Dominion / Artemis: no built-in change detection, full scan at the user level — O(N).

japes wins this benchmark because the library maintains a dirty-per-component data structure and exposes a sparse iteration path that consumes it without rebuilding the query.

Per-component `ChangeTracker` per chunk¶

Every chunk carries one ChangeTracker per component type the chunk owns. It is allocated in Chunk's constructor (Chunk.java lines ~54–68). Its fields:

private final long[] addedTicks;     // per-slot
private final long[] changedTicks;   // per-slot
private final long[] dirtyBits;      // per-slot membership bitmap
private int[] dirtyList;             // per-slot, insertion order
private int dirtyCount;
private boolean dirtyTracked = false;
private boolean fullyUntracked = false;

Four ideas live on top of this layout.

Added and Changed are independent. A newly-spawned entity has its addedTick stamped but not its changedTick. This matches Bevy's semantics: @Filter(Added) sees spawns once, @Filter(Changed) does not see spawns unless the entity is subsequently mutated. See the comment at markAdded (line ~95):

Intentionally not updating changedTicks: 'added' and 'changed' are independent in Bevy-style change detection. Newly spawned entities are observable via @Filter(Added) but not @Filter(Changed) until something actually mutates them.

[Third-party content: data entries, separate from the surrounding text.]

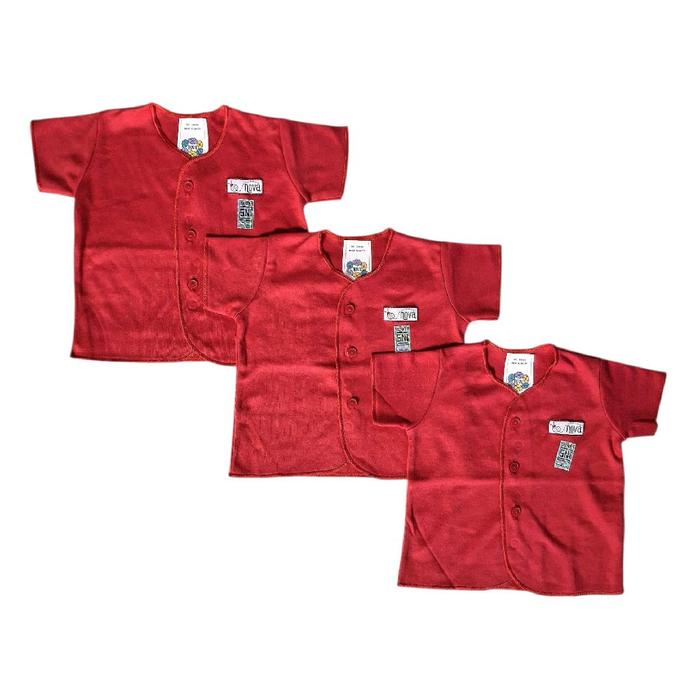 NOVA BAJU BAYI MERAH LENGAN PENDEK ( 0 - 3 BULAN )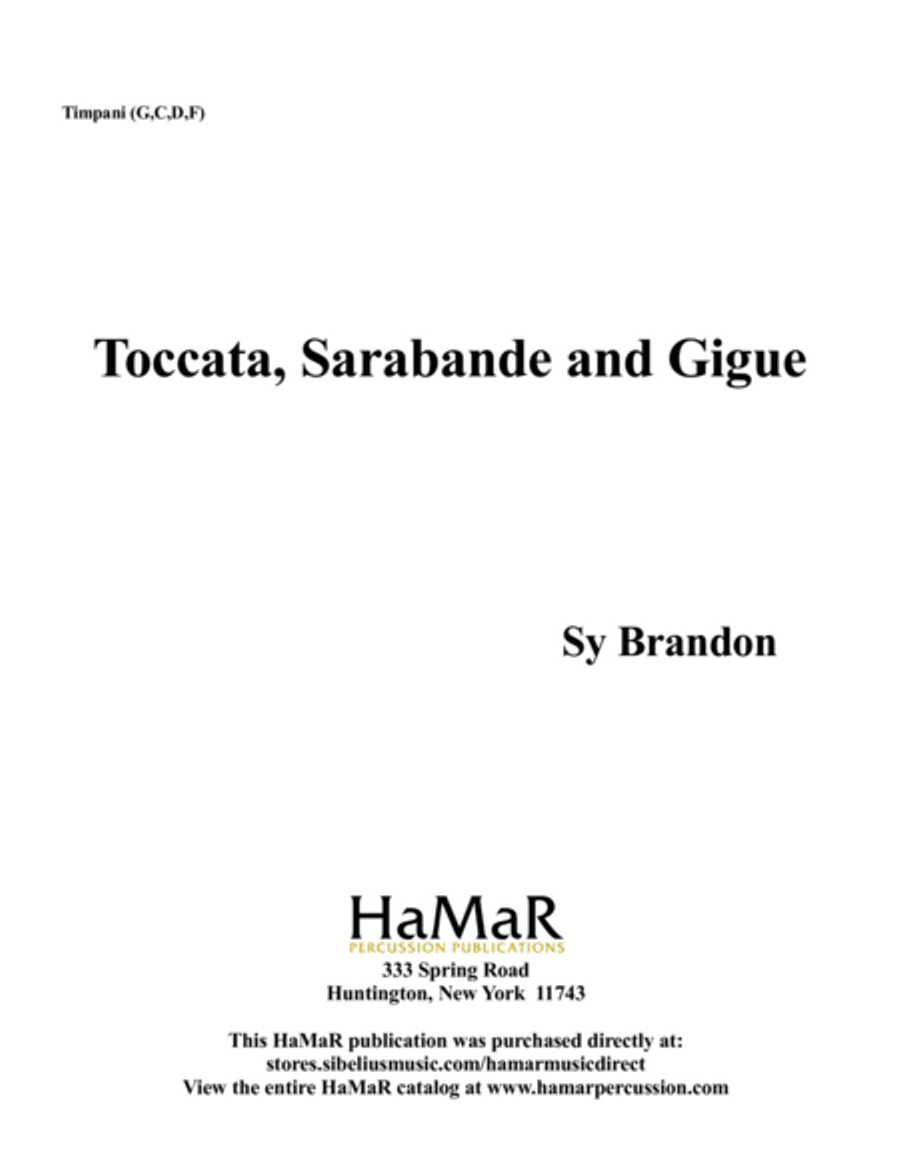 Toccata, Sarabande and Gigue Glockenspiel scores gallery preview page 1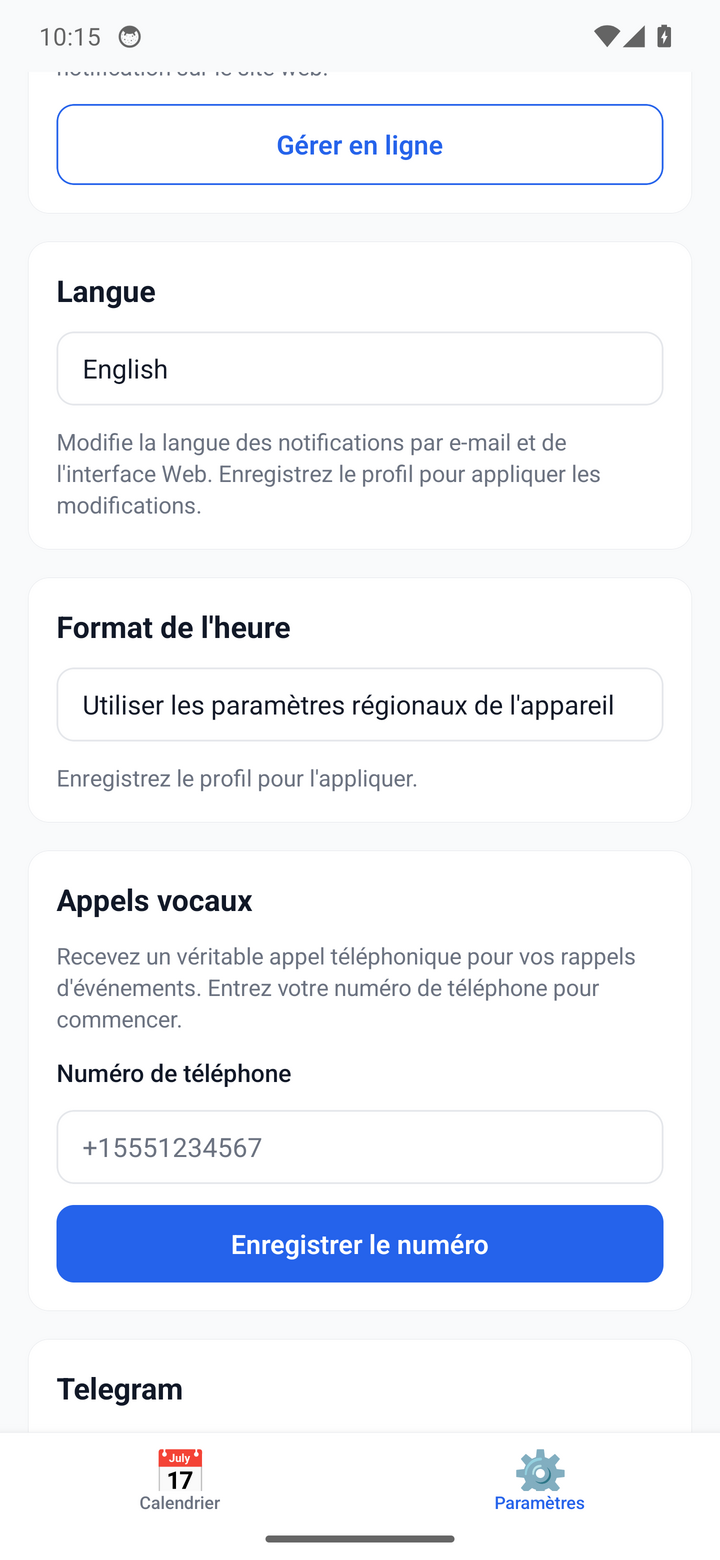 Reminder settings — timezone, time, and channels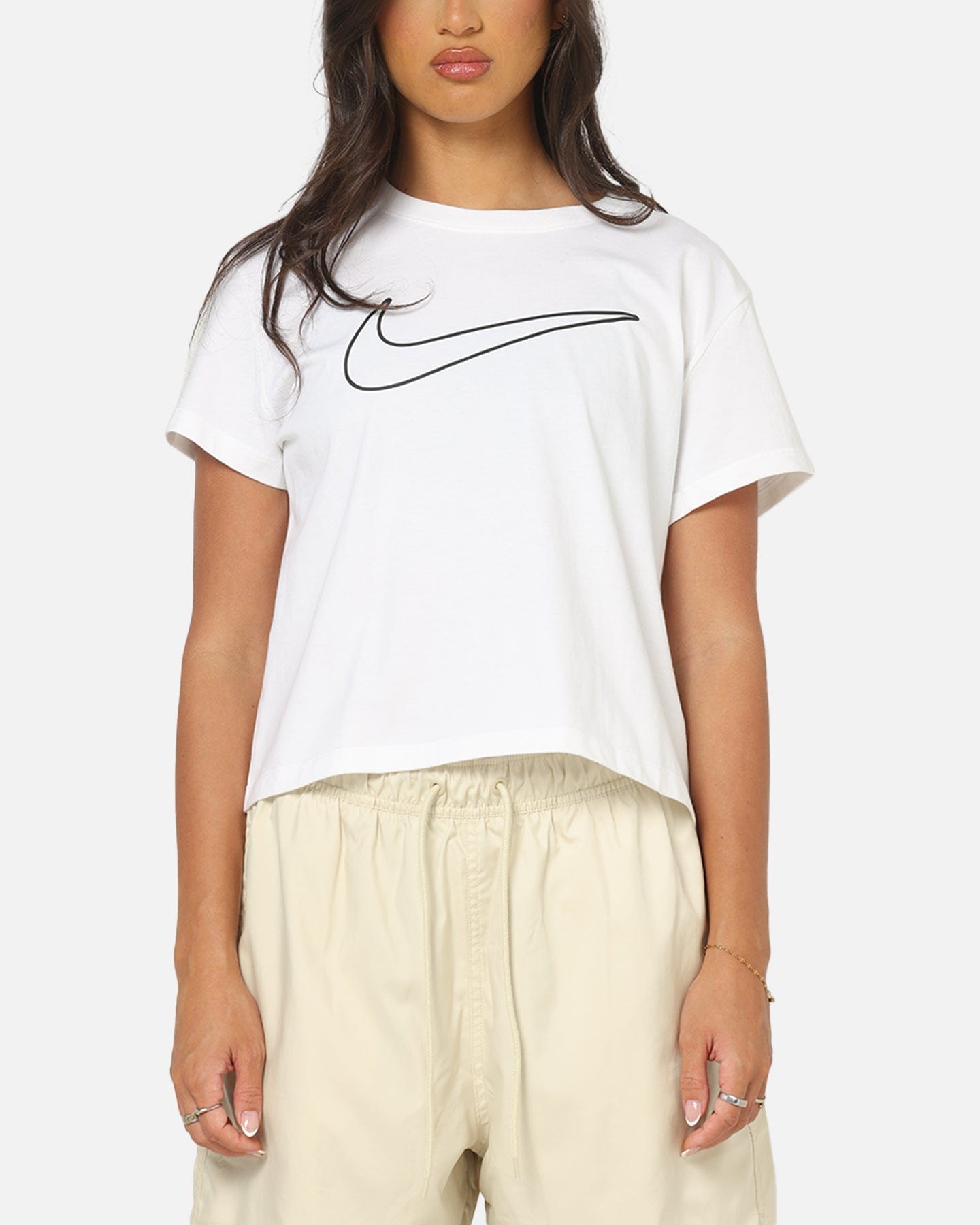 Nike Women's Sportswear Club Graphic T - Shirt White/Black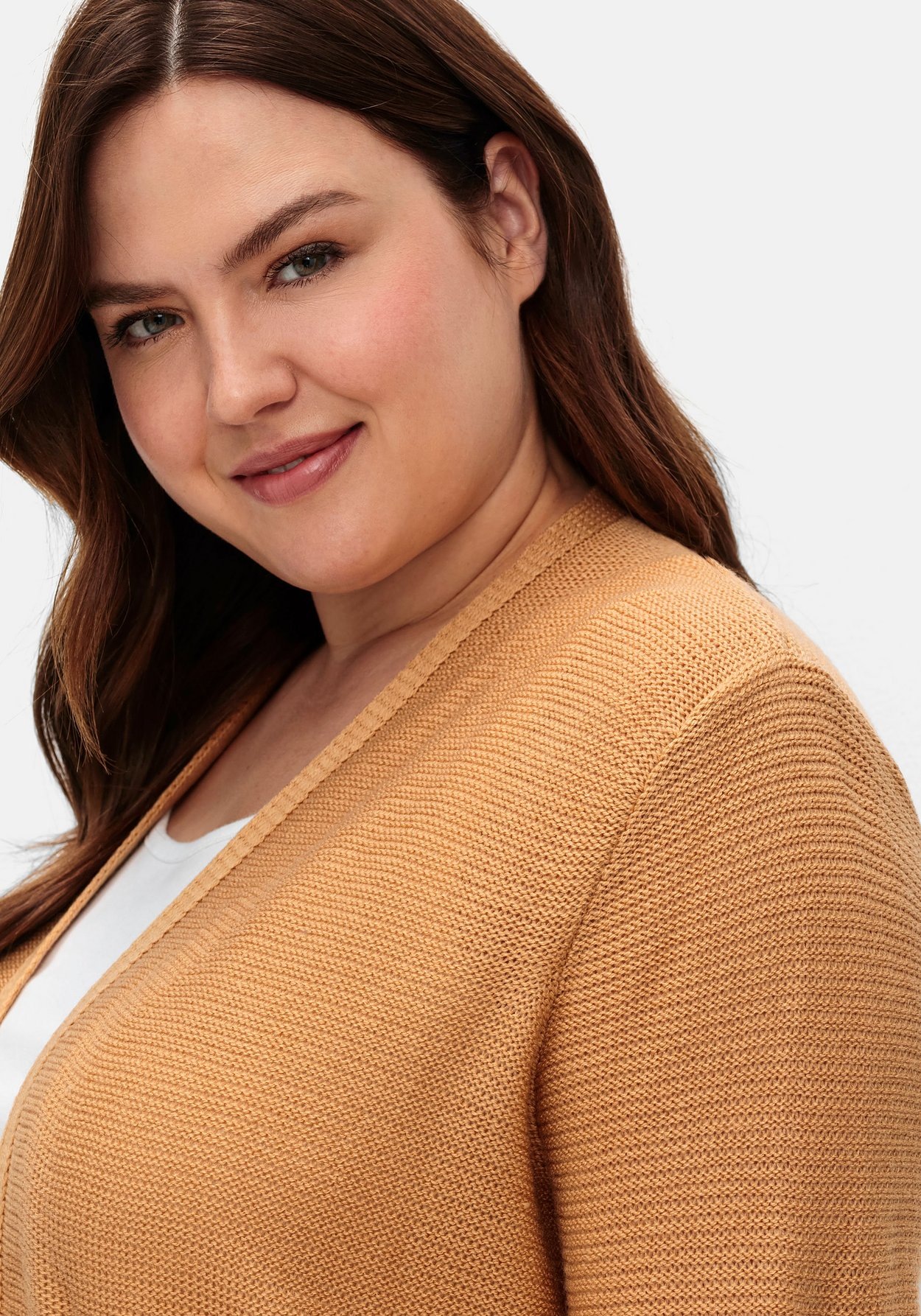 Sheego Strickjacke »Verschlusslose Strickjacke im Linksstrickmuster«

Dedup'd dirty list. Marking the same slot dirty twice in one tick is a no-op on the list. The dirtyBits bitmap is a one-bit-per- slot membership set: appendDirtyUnchecked checks the bit before appending and sets it on first insert. So a busy loop that mutates the same entity 100 times in one tick still produces one list entry, which the observer visits once. Dedup is structurally free — one bit test on append.

Per-tracker tick arrays are linearly indexed by slot. Slot s in the Health storage shares s with addedTicks[s] and changedTicks[s]. No indirection, no map.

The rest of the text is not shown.